(YOUR OBJECTIVE):
Copy the listing in full and exactly, omitting its images.

(RAW DATA):
* * * * *

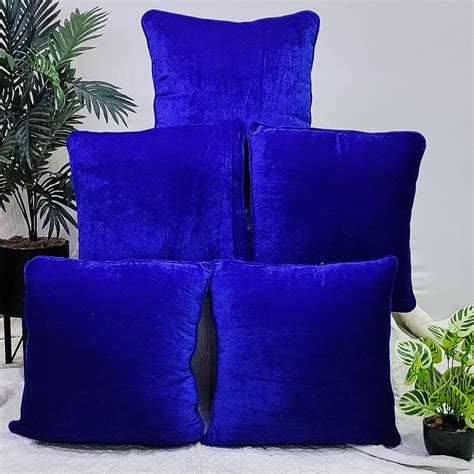 Buy Amazon Brand – Umi Soft Velvet Fabric Cushion Cover 16 X 16 Inches ...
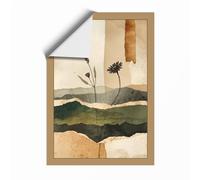 Plants in Strata Botanical Unframed Wall Art Print A3 (42×29.7cm), Wall Decor for Living Room, Bedroom, Office & Home, Art Gift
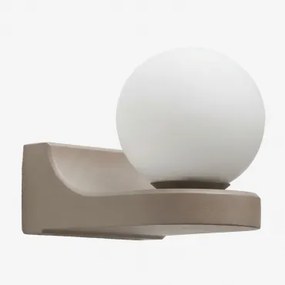 Lanham Aluminium Wandlamp Moka Bruin - Sklum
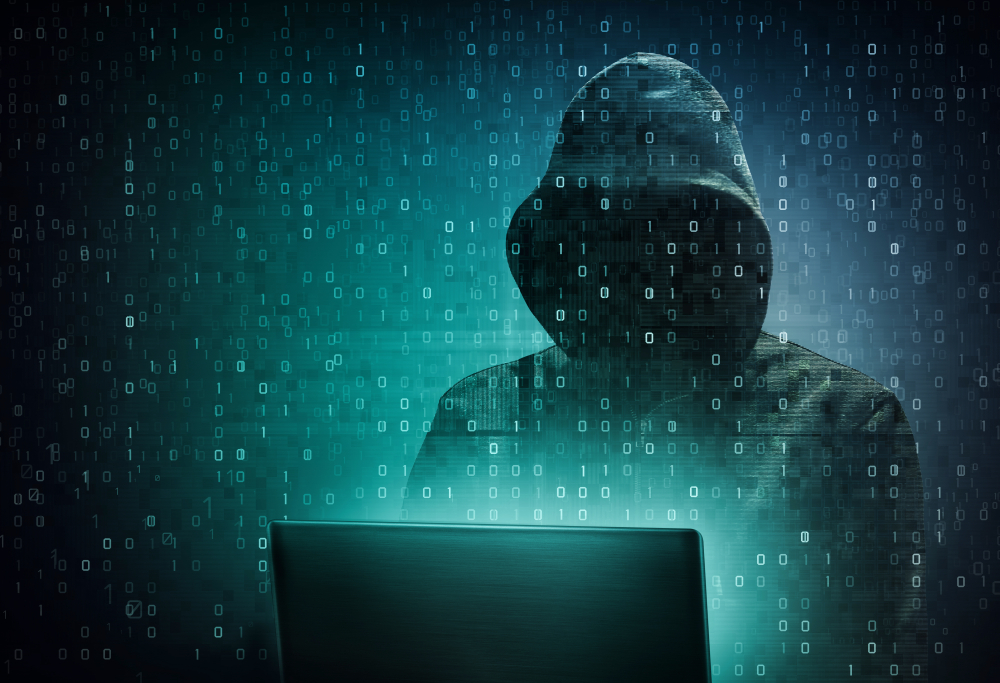 Data hacker cyber security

* * * * *

(WRITTEN SOLUTION):
 Buy Amazon Brand – Umi Soft Velvet Fabric Cushion Cover 16 X 16 Inches ...
 Plants in Strata Botanical Unframed Wall Art Print A3 (42×29.7cm), Wall Decor for Living Room, Bedroom, Office & Home, Art Gift
 Lanham Aluminium Wandlamp Moka Bruin - Sklum
 Data hacker cyber security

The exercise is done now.